Sugar is the Pandora’s box of tea. So tempting, yet so volatile. In the history of consumption, the rise of the sugar and tea trades happened at similar times, and had a symbiotic relationship. Sugarcane from the West Indies was harvested at the same time Indian and Chinese tea plantations harvested their crops. Let’s face it, tea is good with sugar. Yet sugar, whether in the form of honey, sugar crystals, or Agave nectar, has the potential to hide the most exquisite elements of the tea’s flavor when all you can taste is the syrupy sweetness. However, with the right amount, it can also enrich the body of the tea.

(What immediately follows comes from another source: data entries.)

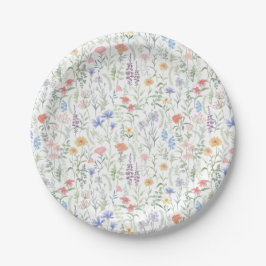 Wildflower Baby Shower Napkins Pappteller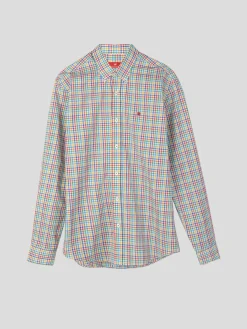 LION OF PORCHES Slim Fit^Camisa Xadrez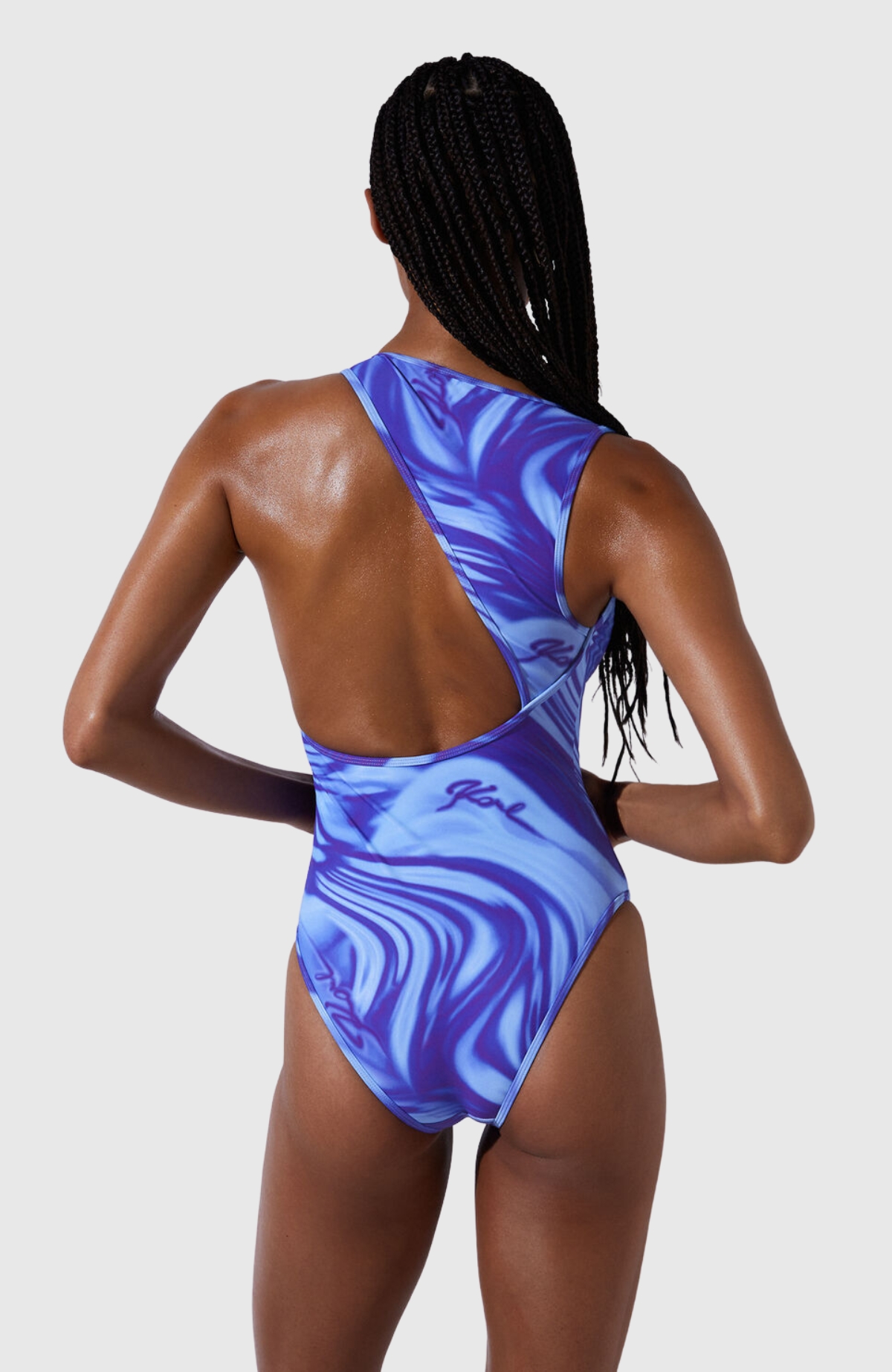 Asymmetrical Aop Swimsuit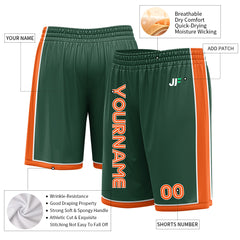 Custom Green Basketball Shorts Athletic Mesh Training Shorts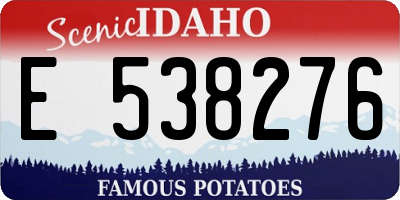 ID license plate E538276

A tea is comprised of three main components: aroma, texture, and taste. Let’s take Jasmine Green Tea. When you first smell it, it smells like jasmine flowers of course, but there’s also a deeper, woodsy smell lying underneath. Then you taste it. The texture is smooth yet sharp with the pungency of the jasmine flower. The taste is sweetly floral, along with elements of cut grass and lemon.
Conduct an experiment, and try to describe the aroma, texture, and taste of the same type of tea with and without sugar. See for yourself what tastes the purest to you. I’ll leave you with an excerpt written by the staunch anti-sugar man, George Orwell. The following is from his essay “ ,” from the Evening Standard published in 1946.
“Lastly, tea—unless one is drinking it in the Russian style—should be drunk without sugar. I know very well that I am in a minority here. But still, how can you call yourself a true tea-lover if you destroy the flavour of your tea by putting sugar in it? It would be equally reasonable to put in pepper or salt. Tea is meant to be bitter, just as beer is meant to be bitter. If you sweeten it, you are no longer tasting the tea, you are merely tasting the sugar; you could make a very similar drink by dissolving sugar in plain hot water.”